Kalle wird am 20. 1. 1950 als Gottfried Kalkowski im Haus von „Musik-Bading“ in der Thomasstraße geboren. Sein Vater hatte nach dem Krieg dort eine Wohnung bekommen, weil er Tischler war und beim Wiederaufbau des kriegszerstörten Hauses mit anpacken sollte. Schon als Junge beginnt er mit dem Musikmachen und trommelt auf selbstgebastelten Instrumenten. Als er Zuspruch bekommt, bittet er seine Mutter, ihm ein Schlagzeug zu kaufen. Bei Musik Wiebach in der Gneisenaustraße findet sie ein günstiges Angebot und kauft es heimlich, denn der Vater soll es nicht wissen. Schließlich gibt es in dieser Zeit andere Prioritäten.

Gottfried, den alle „Kalle“ nennen, beginnt 1966 mit seinen Freunden Musik zu machen und baut eine Band auf: „The Urchins“. Bei den Auftritten in Jugendheimen und Clubs lernen sie auch andere Musiker kennen. Eines Tages bekommt Kalle ein Angebot, bei den „Screaming Butlers“ als Schlagzeuger einzusteigen. Allerdings muss er das Schlagzeug übernehmen. Es kostet 1000 DM. Woher soviel Geld nehmen? Seine Mutter kann ihm 100 DM geben. Inzwischen hat Kalle eine Malerlehre begonnen, und er bespricht das Problem mit seinem Chef. Dieser leiht ihm 900 DM und wird monatlich 90 DM von seinem Lehrlingsgehalt einbehalten. Da Kalle ein zuverlässiger und tüchtiger Lehrling ist, zieht er nur ein einziges Mal eine Rate ab. „The Screaming Butlers“ (später „The Outs“) spielen alten Beat und Soul sowie Musik der Rolling Stones, Pretty Things und Beatles und ändern jedes Jahr ihr Programm. Bei Bandwettbewerben gewinnen sie die vorderen Plätze.

Dann beginnt die Zeit mit den Mädchen. Plötzlich ist seine Freundin schwanger. Kalle bietet an mit ihr zusammenzuziehen. Sie aber sagt, ihre Mutter bestehe darauf, dass sie heiraten müssten. Kalle fügt sich, und seine junge Frau bringt wenig später eine Tochter zur Welt.

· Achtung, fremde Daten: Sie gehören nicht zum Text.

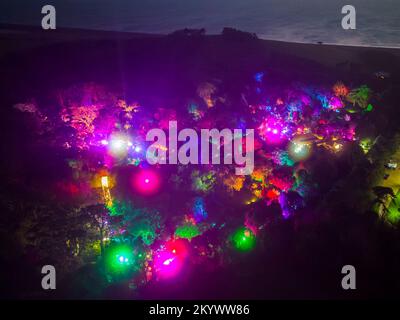 Abbotsbury, Dorset, UK.  2nd December 2022.  View from the air at dusk of the Abbotsbury Subtropical Gardens at Abbotsbury in Dorset which are illuminated with colourful lights during December for their Illuminate event.  Picture Credit: Graham Hunt/Alamy Live News Stock Photo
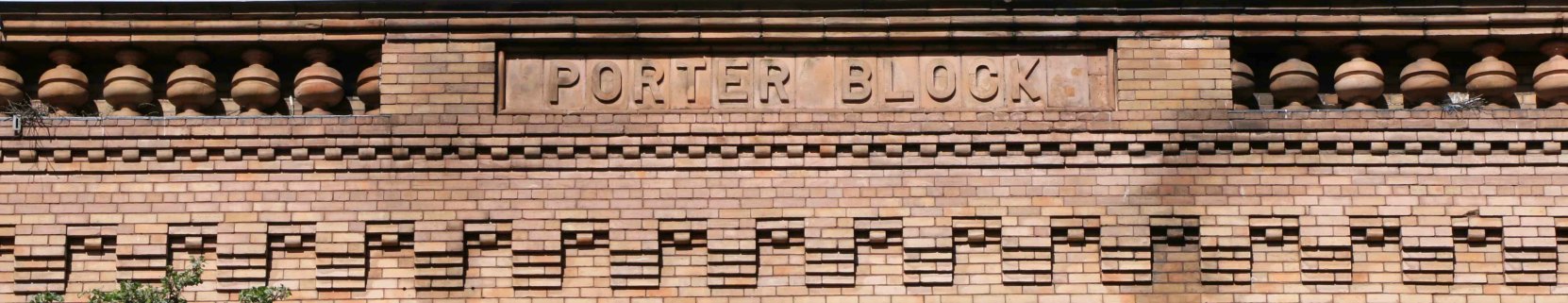 Our web header photo for the Porter Block at 1402-1406 Douglas Street shows the brickwork at the building's cornice.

1974 gründet er die Band „Roxenon“, in der Kalle neben dem Schlagzeugspiel auch singt. Es folgen die Bands „Highway“ und „Bleibtreu Revue“. Neben der Musik arbeitet Kalle als Maler, denn von der Musik kann er nicht seine Familie ernähren. In einem dieser Winter fährt Kalle mit seinen Freunden nach Schweden und verliebt sich unsterblich in eine Schwedin. Noch heute tut es ihm Leid, was er damit Frau und Tochter angetan hat. Es sind wilde Zeiten. Die Beziehung zur Schwedin hält gerade ein Jahr. Das Hin- und Herfahren, um sich zu sehen, belastet mehr als dass es erfreut. Ausgerechnet im schlimmsten Drogenschuppen, dem „Sound“ in der Genthiner Straße, lernt er Rita kennen, seine zweite Frau, mit der er heute noch zusammen ist. Rita ist bei Schering Rechtsanwaltsgehilfin und kann gut organisieren. Mit ihr betreibt er einen Farbenladen in der Thomasstraße, den die beiden gekauft haben. Dann planen sie mit dem Flugzeug um die Welt zu reisen und beginnen schon mit dem Räumungsverkauf. Dabei verdienen sie so viel Geld wie nie zuvor, so dass sie mit dem Laden weitermachen wollen und auf die Reise verzichten. Später arbeitet Rita bei Joe’s Bierhaus und sorgt dort für gute Engagements. Ab 1983 tritt Kalle unter seinem eigenen Namen auf mit wechselnden Musikern und verschiedenen Stilen. Inzwischen beherrscht er auch die Gitarre, um bei Einzelauftritten sich selbst begleiten zu können. Das Interessante an Kalles Musik ist, dass er die alten Rocklieder aus den 1960er-Jahren teilweise mit deutschen Texten singt.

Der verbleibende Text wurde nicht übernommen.